Since the advent of immune checkpoint inhibitors, rapid strides have been made in the realm of cancer immunotherapy. Of the abundance of infiltrating immune cells in the tumor microenvironment (TME), macrophages contribute a significant portion and make up to 50% of the tumor mass. In addition to this, the relative plasticity of macrophages makes it an attractive target to modulate macrophage functions to initiate an anti-tumor response. However, many challenges hinder this strategy. Macrophage colony-stimulating factor (MCSF) secreted by cancer cells binds to the colony-stimulating factor receptor present on macrophages and negatively influences macrophage functions. MCSF, along with a cocktail of immunosuppressive cytokines present in the TME, polarizes macrophages to an immunosuppressive pro-tumorigenic M2-like phenotype. M2-like macrophages dampen tumor response and are known to be associated with increased tumor progression and metastasis.
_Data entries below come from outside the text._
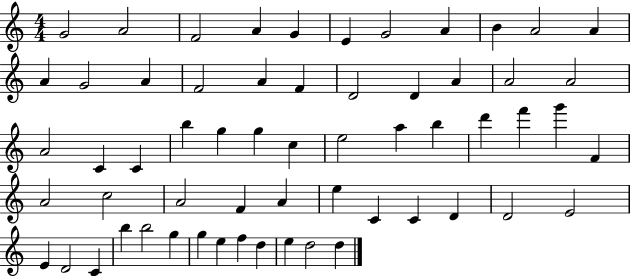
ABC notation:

X:1
T:Untitled
M:4/4
L:1/4
K:C
G2 A2 F2 A G E G2 A B A2 A A G2 A F2 A F D2 D A A2 A2 A2 C C b g g c e2 a b d' f' g' F A2 c2 A2 F A e C C D D2 E2 E D2 C b b2 g g e f d e d2 d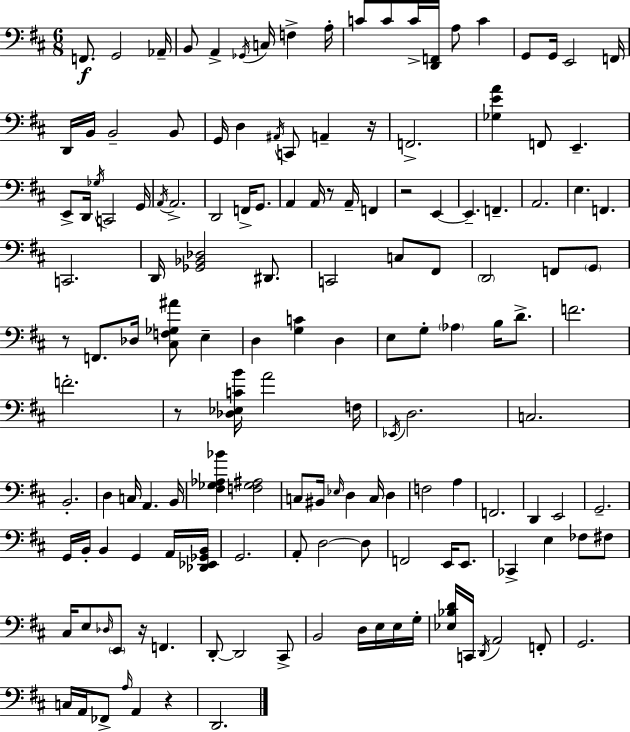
{
  \clef bass
  \numericTimeSignature
  \time 6/8
  \key d \major
  f,8.\f g,2 aes,16-- | b,8 a,4-> \acciaccatura { ges,16 } c16 f4-> | a16-. c'8 c'8 c'16-> <d, f,>16 a8 c'4 | g,8 g,16 e,2 | \break f,16 d,16 b,16 b,2-- b,8 | g,16 d4 \acciaccatura { ais,16 } c,8 a,4-- | r16 f,2.-> | <ges e' a'>4 f,8 e,4.-- | \break e,8-> d,16 \acciaccatura { ges16 } c,2 | g,16 \acciaccatura { a,16 } a,2.-> | d,2 | f,16-> g,8. a,4 a,16 r8 a,16-- | \break f,4 r2 | e,4~~ e,4.-- f,4.-- | a,2. | e4. f,4. | \break c,2. | d,16 <ges, bes, des>2 | dis,8. c,2 | c8 fis,8 \parenthesize d,2 | \break f,8 \parenthesize g,8 r8 f,8. des16 <cis f ges ais'>8 | e4-- d4 <g c'>4 | d4 e8 g8-. \parenthesize aes4 | b16 d'8.-> f'2. | \break f'2.-. | r8 <des ees c' b'>16 a'2 | f16 \acciaccatura { ees,16 } d2. | c2. | \break b,2.-. | d4 c16 a,4. | b,16 <fis ges aes bes'>4 <f ges ais>2 | c8 bis,16 \grace { ees16 } d4 | \break c16 d4 f2 | a4 f,2. | d,4 e,2 | g,2.-- | \break g,16 b,16-. b,4 | g,4 a,16 <des, ees, ges, b,>16 g,2. | a,8-. d2~~ | d8 f,2 | \break e,16 e,8. ces,4-> e4 | fes8 fis8 cis16 e8 \grace { des16 } \parenthesize e,8 | r16 f,4. d,8-.~~ d,2 | cis,8-> b,2 | \break d16 e16 e16 g16-. <ees bes d'>16 c,16 \acciaccatura { d,16 } a,2 | f,8-. g,2. | c16 a,16 fes,8-> | \grace { a16 } a,4 r4 d,2. | \break \bar "|."
}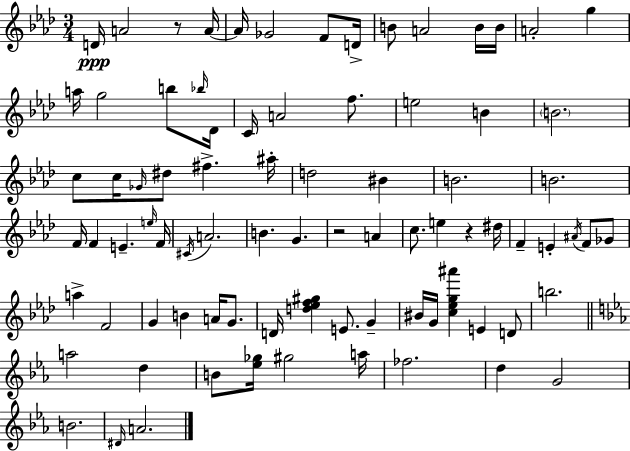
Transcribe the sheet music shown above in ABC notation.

X:1
T:Untitled
M:3/4
L:1/4
K:Ab
D/4 A2 z/2 A/4 A/4 _G2 F/2 D/4 B/2 A2 B/4 B/4 A2 g a/4 g2 b/2 _b/4 _D/4 C/4 A2 f/2 e2 B B2 c/2 c/4 _G/4 ^d/2 ^f ^a/4 d2 ^B B2 B2 F/4 F E e/4 F/4 ^C/4 A2 B G z2 A c/2 e z ^d/4 F E ^A/4 F/2 _G/2 a F2 G B A/4 G/2 D/4 [d_ef^g] E/2 G ^B/4 G/4 [c_eg^a'] E D/2 b2 a2 d B/2 [_e_g]/4 ^g2 a/4 _f2 d G2 B2 ^D/4 A2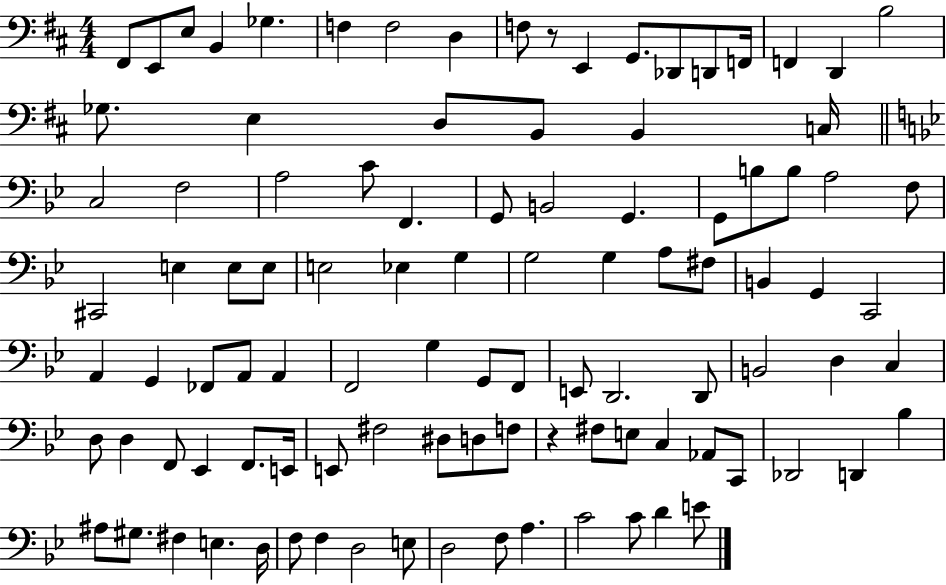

Indeed, clinical interventions aimed to reprogram macrophage response from an M2-like tumor aiding phenotype to an M1-like tumor-killing phenotype using small-molecule inhibitors of the CSF1R axis have gathered much attention in the recent past. However, poor response and systemic toxicities observed in these therapies necessitate alternative therapeutic strategies. Furthermore, another key signaling pathway that has been recently implicated in aiding the CSF1R signaling in TAMs is the PDL1 signaling axis. Hence, in this study, we designed a self-assembled lipid nanoparticle system encompassing a potent small-molecule inhibitor of the CSF1R signaling axis, while the surface of the nanoparticle was tethered with anti-PDL1 mAb. The purpose of this is twofold; the nanoparticles can deliver the cargo in a targeted manner to PDL1 expressing M2-like macrophages while simultaneously blocking the receptor. The resulting nanoparticle system termed α-PDL1-CSF-LNP showed enhanced repolarization of M2 like macrophages in vitro while also upregulating the phagocytic index. Furthermore, suboptimal dose administration of α-PDL1-CSF-LNP in an aggressive melanoma mouse model resulted in superior anti-tumor efficacy with minimal toxicities. These results were validated by ex vivo mechanistic analysis showing that TAMs have successfully been repolarized to a predominantly M1-like phenotype. This, along with increased tumor infiltration of CD8+ T cells, worked in synergy to provide an effective anti-tumor strategy.